Mechanisms and Diagnostic Evaluation of Persistent or Recurrent Angina Following Percutaneous Coronary Revascularization

Filippo Crea; Cathleen Noel Bairey Merz; John F. Beltrame; Colin Berry; Paolo G. Camici; Juan Carlos Kaski; Peter Ong; Carl J. Pepine; Udo Sechtem; Hiroaki Shimokawa; On behalf of the Coronary Vasomotion Disorders International Study Group (COVADIS)


Eur Heart J. 2019;40(29):2455-2462. 

In This Article

Knowledge Gaps

Patients with persistent or recurrent angina post-PCI present an unmet clinical need. Recent studies suggest that PCI may not be relied upon to improve angina.[2] The large International Study of Comparative Health Effectiveness with Medical and Invasive Approaches (ISCHEMIA) clinical trial is assessing the benefits of revascularization in addition to optimal medical therapy to improve health outcomes.[64] A recent study demonstrated that a simple non-invasive assessment of peripheral artery endothelial function during index PCI admission predicted the persistence or recurrence of angina/ischaemia at follow-up,[65] suggesting that assessment of endothelial dysfunction[66] may be useful for prediction of structural treatment benefit. We recognize that such tests are not feasible in daily practice, but the implication is that treatments which improve endothelial dysfunction may be beneficial. This possibility merits further prospective research.

In clinical practice, PCI for stable angina patients is currently a 'one-size-fits-all' approach, potentially useful for symptom relief in some symptomatic patients found to have epicardial obstructive CAD. In other patients, a significant epicardial stenosis may reflect more extensive vascular dysfunction, where PCI alone may be ineffective. We think more research is warranted into the prevalence and clinical significance of coronary vascular dysfunction in patients undergoing PCI.

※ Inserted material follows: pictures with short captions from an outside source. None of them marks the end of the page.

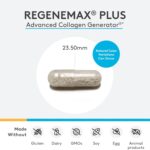 XYMOGEN RegeneMax Plus 500 mcg - Suporte Avançado para Pele, Cabelos e Unhas com Ácido Ortossilícico - 3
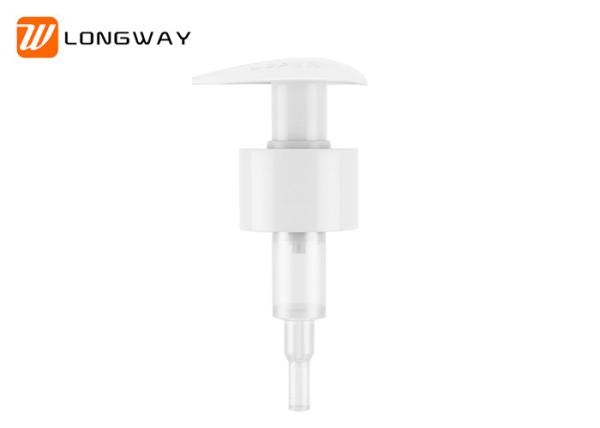 Cute Shape Plastic Lotion Pump For Cosmetic Packaging Non Spill Customized Size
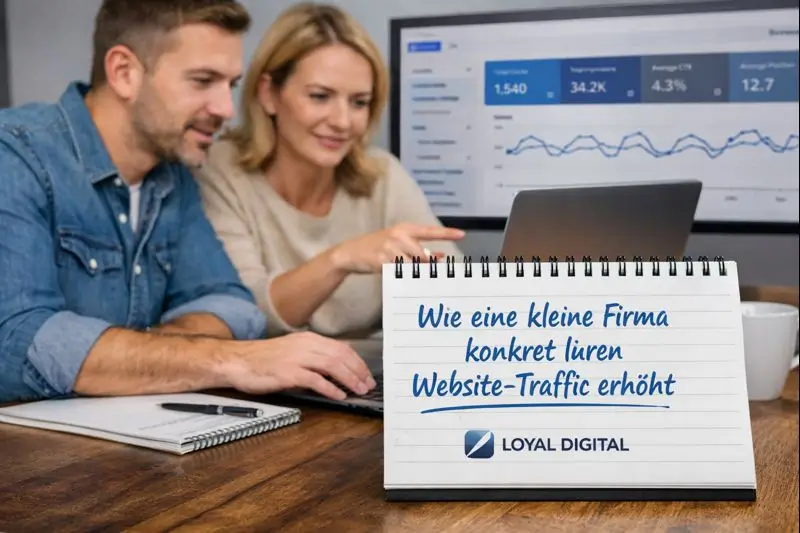 Website Traffic erhoehen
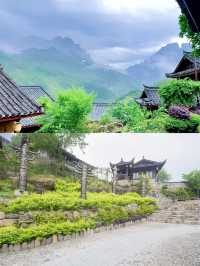 廣西驚現雲端瑤族仙境民宿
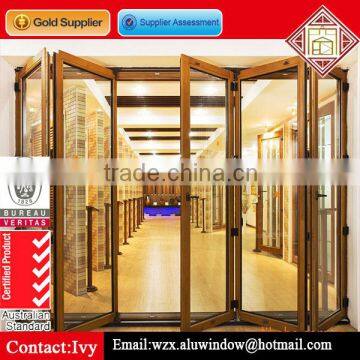 wholesale atv china double glazed folding doors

When obstructive CAD is ruled out, post-PCI angina may be due to coronary vascular dysfunction caused by either increased IMR, epicardial or microvascular spasm, or both. In these circumstances, repeat PCI would be unlikely to be beneficial. An important knowledge gap is treatment of CMD.[67] Importantly, early evidence suggests that an empirical treatment of angina in the absence of obstructive coronary atherosclerosis guided by the assessment of functional coronary alterations is associated to a better outcome as compared to a strategy guided by angiography only.[61]

Finally, while current guidelines on percutaneous coronary revascularization do not fully address the issue of persistent/recurrent angina, it would be desirable to do so in the future.[68]